Cormac McCarthy: Erschütternd bis zur Ohnmacht

Der amerikanische Schriftsteller Cormac McCarthy wäre heute 90 Jahre alt geworden. Mit den düsteren Romanen „The Road“ und „No Country For Old Man“, beide kongenial verfilmt, wurde er weltberühmt. Doch seine Gewaltdarstellungen gingen manchen Lesern aufs Gemüt.

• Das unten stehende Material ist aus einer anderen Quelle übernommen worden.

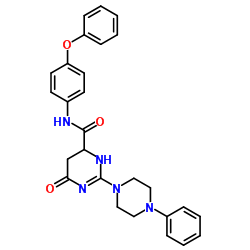 6-Oxo-N-(4-phenoxyphenyl)-2-(4-phenyl-1-piperazinyl)-1,4,5,6-tetrahydro-4-pyrimidinecarboxamide结构式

Cormac McCarthy gehörte zweifellos zu den einflussreichsten amerikanischen Autoren der Gegenwart. Seine Bücher wurden Bestseller, auch wenn ihr Schöpfer einen geradezu erschütternden minimalistischen Stil prägte und karge Szenarien in einer Welt ohne Hoffnung beschrieb. Seine bekanntesten Bücher dürften wohl „The Road“ (Die Straße) und „No Country For Old Man“ (Kein Land für alte Männer) sein, was auch an den starken und preisgekrönten Verfilmungen von John Hillcoat und den Coen-Brüdern liegen dürfte. Doch auch „Blood Meridian“ (Die Abendröte im Westen) sorgte als schroffe Wild-West-Geschichte mit seinen expliziten Gewaltdarstellungen für Aufsehen.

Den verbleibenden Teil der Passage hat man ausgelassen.